John Davies
JOHN Davies, who has died aged 90, was a highly regarded financial journalist who spent his career with the Glasgow Herald and the Daily Telegraph. During the Second World War he was in The Herald’s Fleet Street office and while at the Telegraph was involved in widening the scope of the City pages.
Until then, financial affairs were basically reported in specialist papers such as The Financial Times and other newspapers tended to give rather scant coverage to business matters. Mr Davies played a major role in expanding the coverage of, for example, the stock market, and its daily movements. He made the reporting of company affairs and takeovers less fraught and more understandable.
John Charles Edward Davies was born in Brixton and educated in a local school until aged 13. The war broke out and his formal education was interrupted but at 15 he got a job as an office junior in the Fleet Street office of The Glasgow Herald. It was a long hard day and working conditions were challenging. The sirens often screamed and air raids made getting out a daily paper difficult. One morning, Mr Davies found Fleet Street cordoned off because unexploded bombs had landed in various nearby offices – one precariously at the bottom of the lift in The Herald’s office.

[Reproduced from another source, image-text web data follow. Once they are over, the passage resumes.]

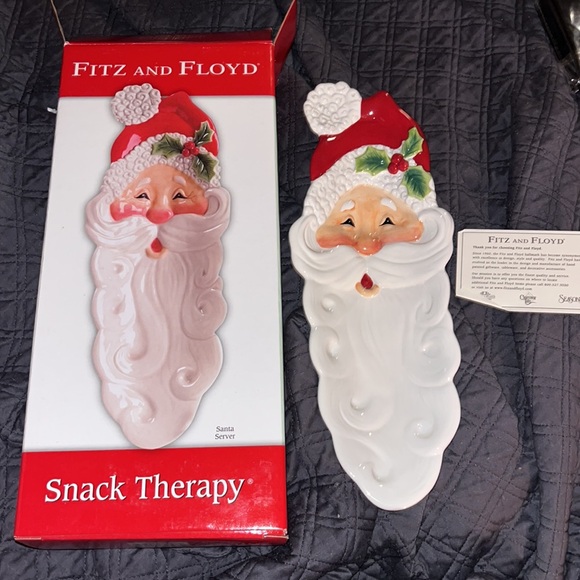 Fitz & Floyd - Santa Server Snack Therapy 13"  Holiday Tray NIB - Picture 1 of 12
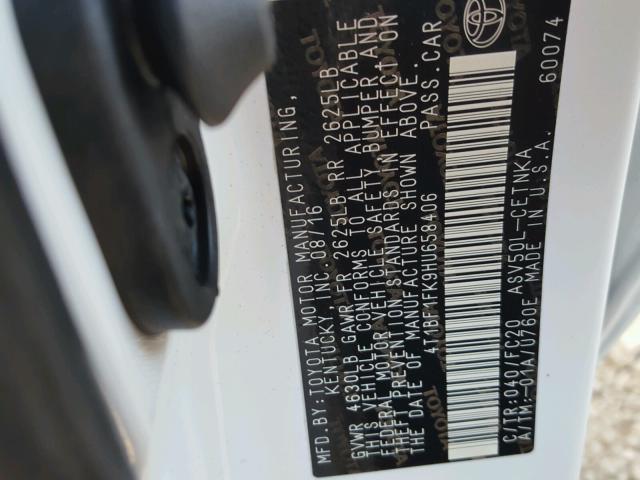 4T1BF1FK9HU658406 - 2017 TOYOTA CAMRY LE 白色 照片 10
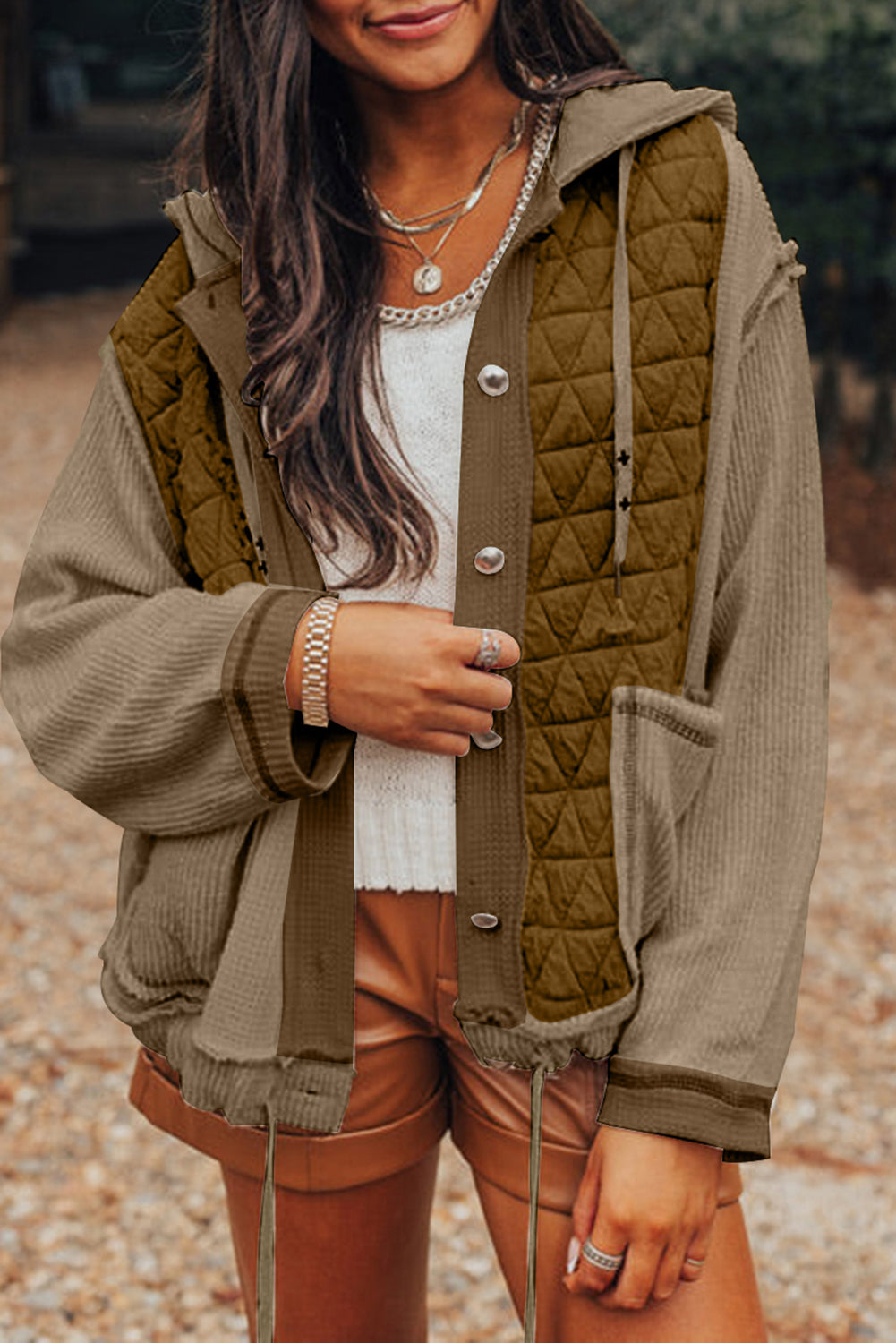 Light Blue Quilted Textured Patchwork Loose Fit Hooded Jacket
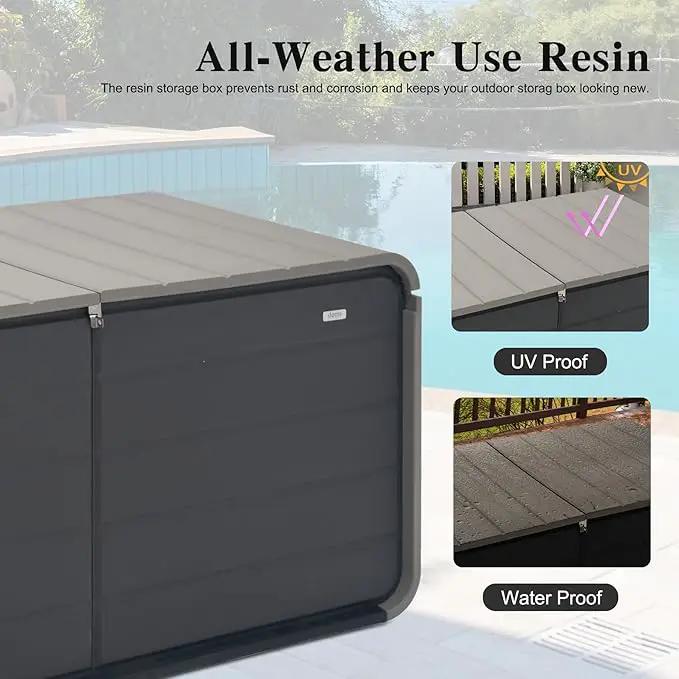 Domi 260 Gallon Resin Deck Box, Waterproof & UV-Resistant Outdoor Large Storage Box Lockable Storage Bin for Patio Cushions Pool Supplies Garden Tools and Delivery Storage by GreenHaven Gardens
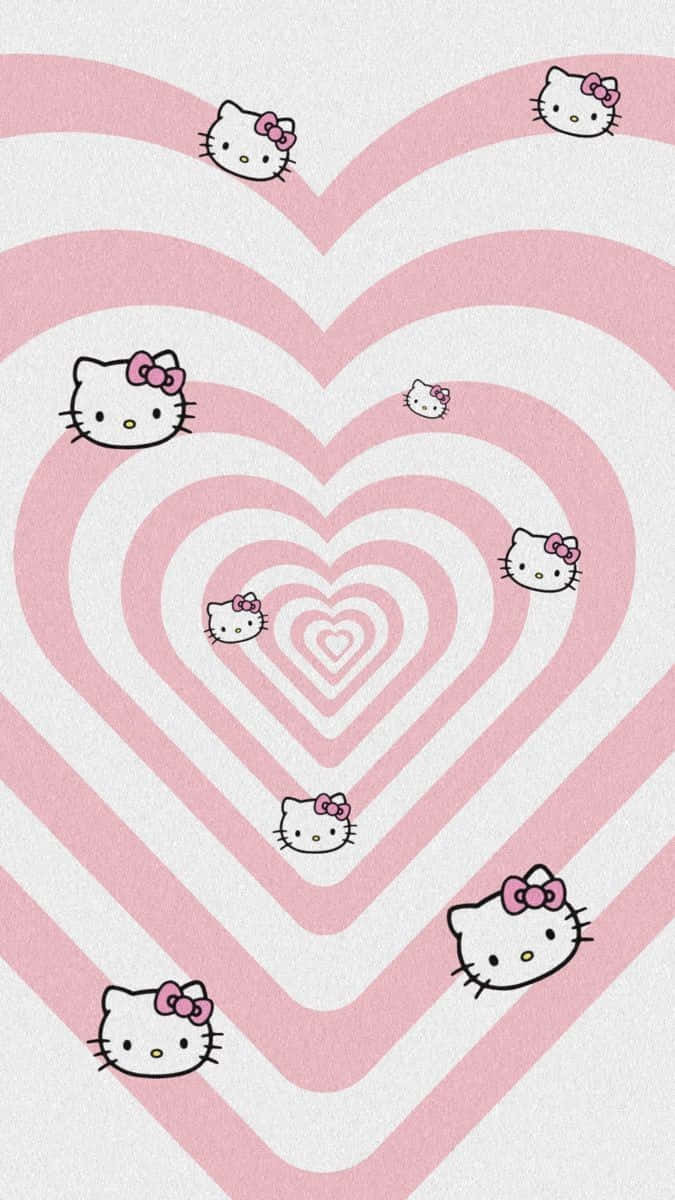 Hello Kitty Heart Pattern Wallpaper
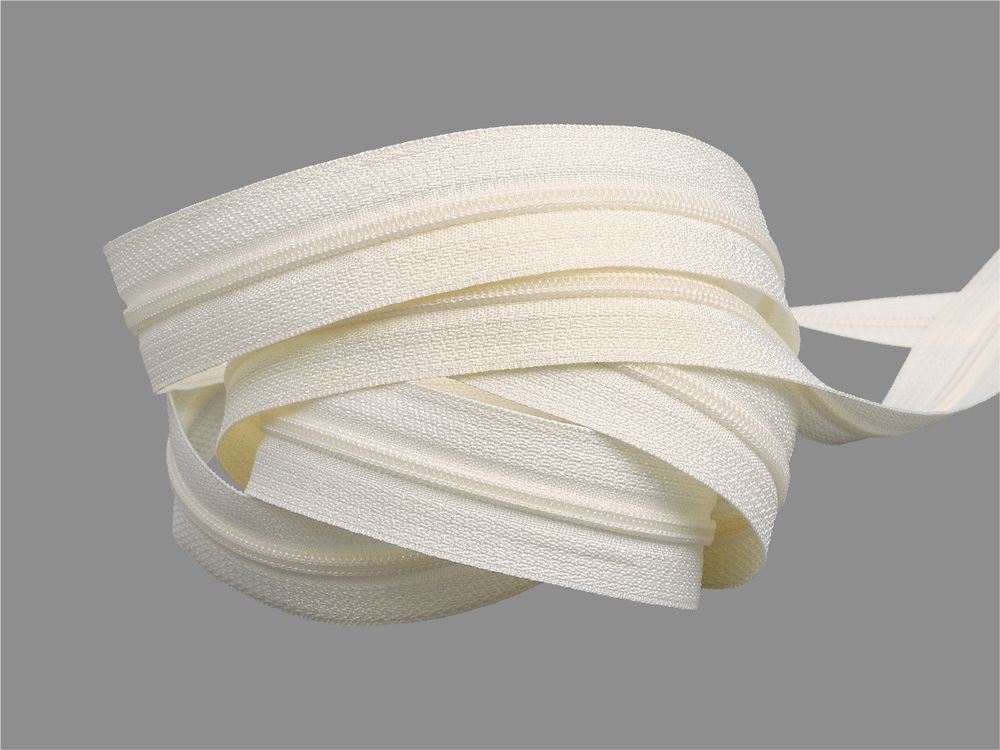 Молния рулонная витая (спираль) Т3 (3 мм) УСИЛЕННАЯ, НА БОБИНЕ, S-121 кремовая, аналог 571 (цв.SBS) / кор. 1200 метров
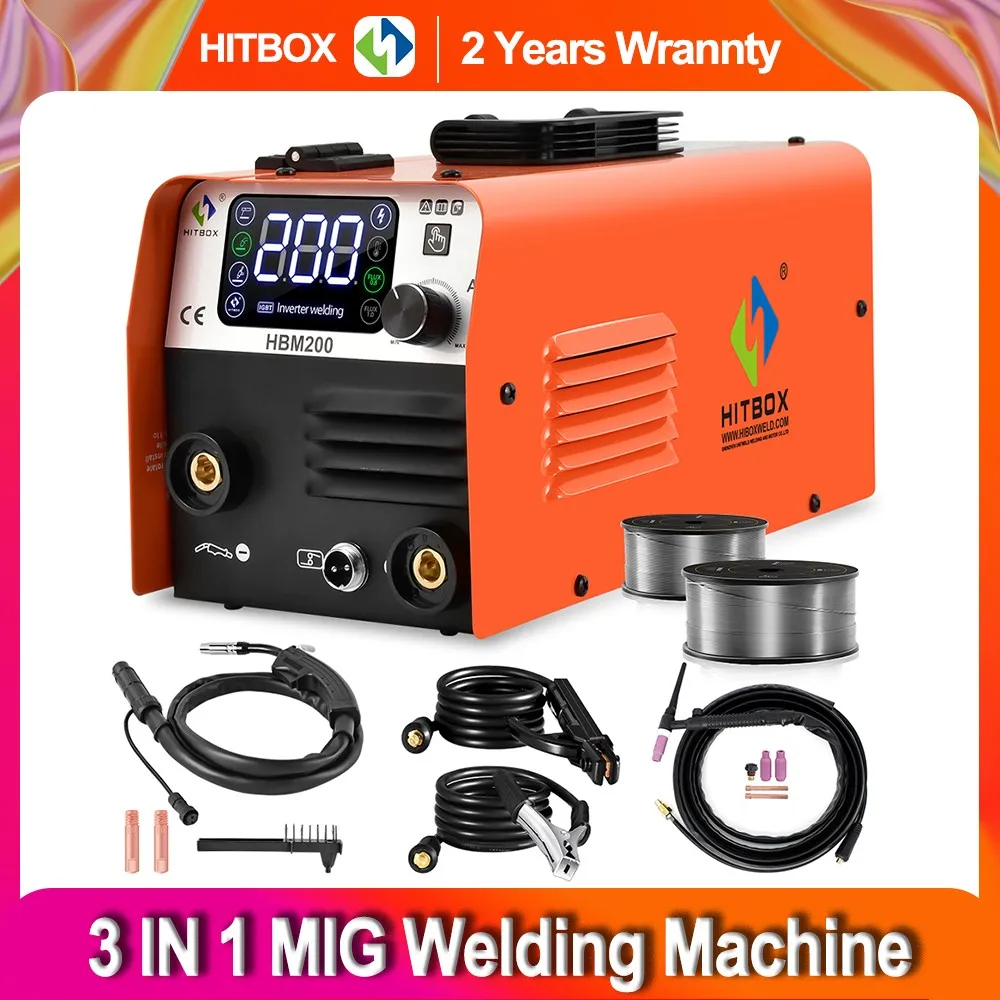 Hitbox 3 In 1 Saldatrice Mig Hbm200 Saldatrice Semiautomatica Mma/Arc Tig Welderinverter Saldatore Mig-Gasless Portatile Per La Casa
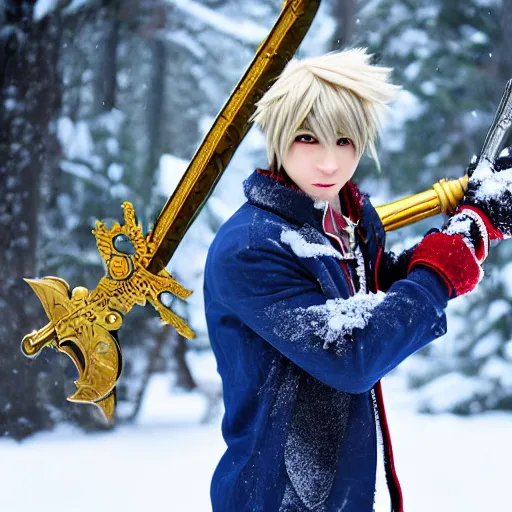 Image similar to of sora cosplay holding keyblade with snow background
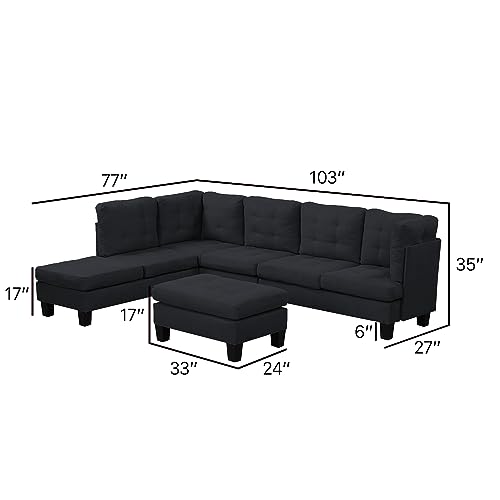 Casa Andrea Milano Modern Sectional Sofa L Shaped Couch with Reversible Chaise & Ottoman, Large Living Room Furniture, Black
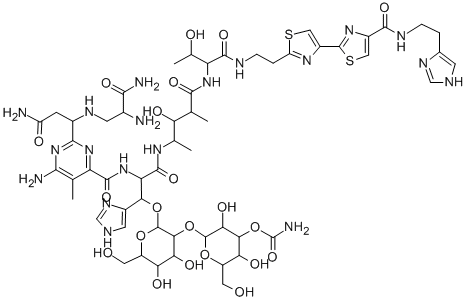 [2-[2-[2-[[6-amino-2-[1-[(2-amino-2-carbamoyl-ethyl)amino]-2-carbamoyl -ethyl]-5-methyl-pyrimidine-4-carbonyl]amino]-2-[[3-hydroxy-4-[[2-hydr oxy-1-[2-[4-[4-[2-(3H-imidazol-4-yl)ethylcarbamoyl]-1,3-thiazol-2-yl]- 1,3-thiazol-2-yl]ethylcarbamoyl]propyl]carbamoyl]pentan-2-yl]carbamoyl ]-1-(3H-imidazol-4-yl)ethoxy]-4,5-dihydroxy-6-(hydroxymethyl)oxan-3-yl ]oxy-3,5-dihydroxy-6-(hydroxymethyl)oxan-4-yl] carbamate,62960-69-4,结构式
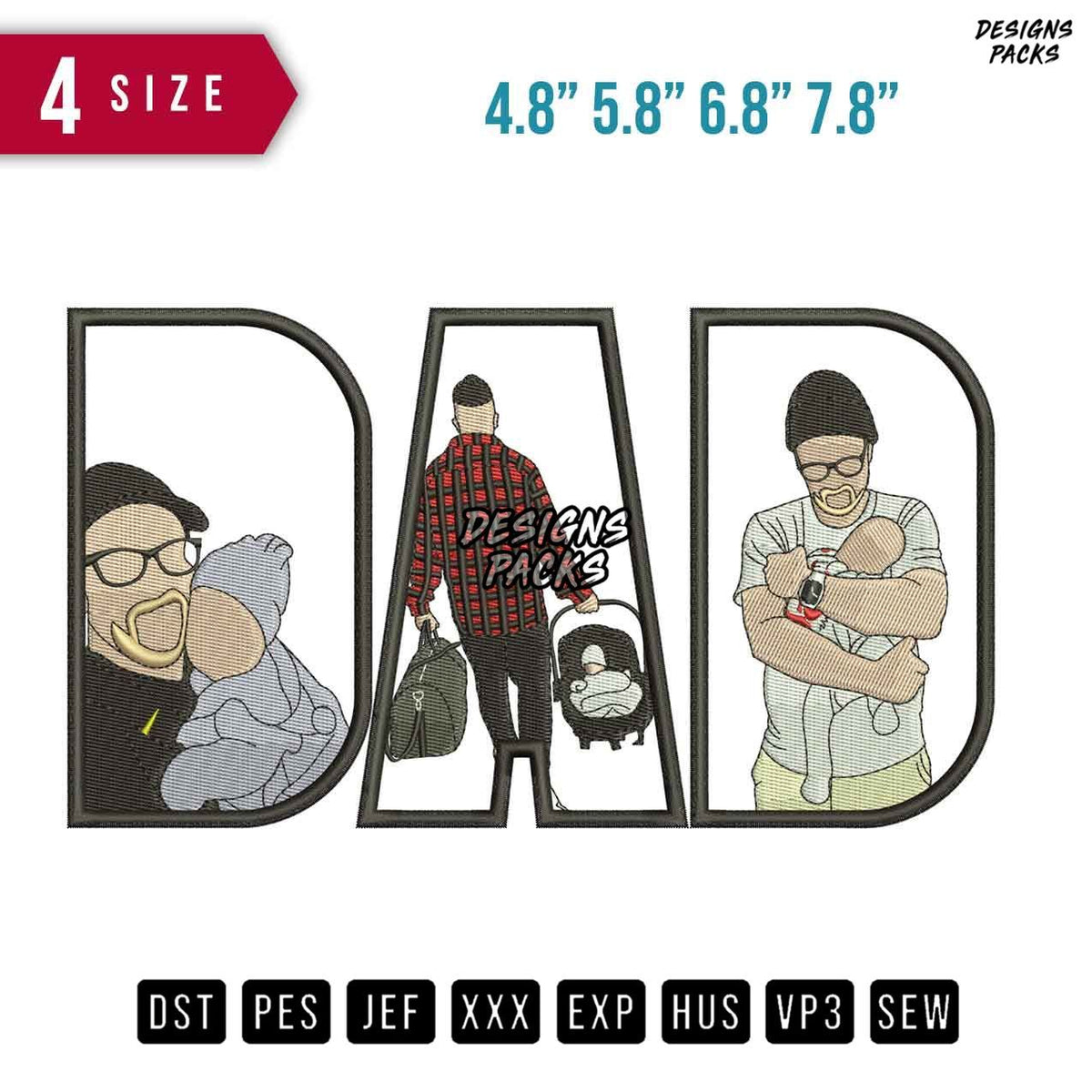 DAD huge baby D Embroidery Design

He was still under age so he could not join the forces and commuted to work from south London – at night he served with the local fire-fighting teams. They were dangerous years, two bombs on time fuses forced his family to flee. The Glasgow Herald printed many of the stories that were sent up from London. They could, for example, print information and photographs of the Blitz in the capital but officials tried to limit the coverage of the bombing of Glasgow and Clydeside. In fact, Glasgow was often referred to as “a town in western Scotland”.
Mr Davies joined the East Surrey Regiment shortly before the end of the war, and decided not to go for a commission as any advancement would have meant him joining the Indian Army – which would have necessitated learning a local language. On being demobbed he returned to the Glasgow Herald as a trainee financial journalist. He was to spend 20 years in the office involved not only in the day-to-day reporting of the stock markets and company news but building up a knowledge of the large Scottish companies quoted on the London Stock Exchange – the numerous investment trusts, Distillers Co Ltd, John Brown and so on. He was promoted to the post of deputy City editor.
The London office of the Glasgow Herald was an active centre of many future leading figures. On one occasion a noisy junior was so irritating Mr Davies that he locked him in a room. The offender, Joe Haines, later became Harold Wilson’s press secretary at Number 10 and played an influential role in both of Wilson’s Labour administrations.
Mr Davies then spent a few years in the Scotsman’s City office before accepting the post of senior company reporter on the Telegraph in 1964. It was the era of major takeovers in the City and many companies were floated on the market. Mr Davies proved invaluable in assisting the Telegraph to expand its City and business coverage. He not only knew the background of the fast expanding companies but had excellent contacts with their chief executives. This wide experience of City practices made his appointment as the Telegraph’s City news editor totally appropriate. His analysis of a news story and the angle that should be pursued in its reporting was invariably sound and balanced.
Whereas Mr Davies enjoyed an understanding relationship with many senior industrial executives, he faced some annoying calls from the Daily Mirror’s Robert Maxwell. He delighted in ringing Mr Davies as deadlines approached to check what the City pages would run the next day.
Mr Davies was involved in the creation of the Telegraph’s popular Money Go Round section on a Saturday which was aimed at members of the public who were considering entering the financial services industry by investing in pension schemes and the like. Mr Davies, who retired in 1988, married Irene in 1949. She predeceased him and he is survived by their three sons.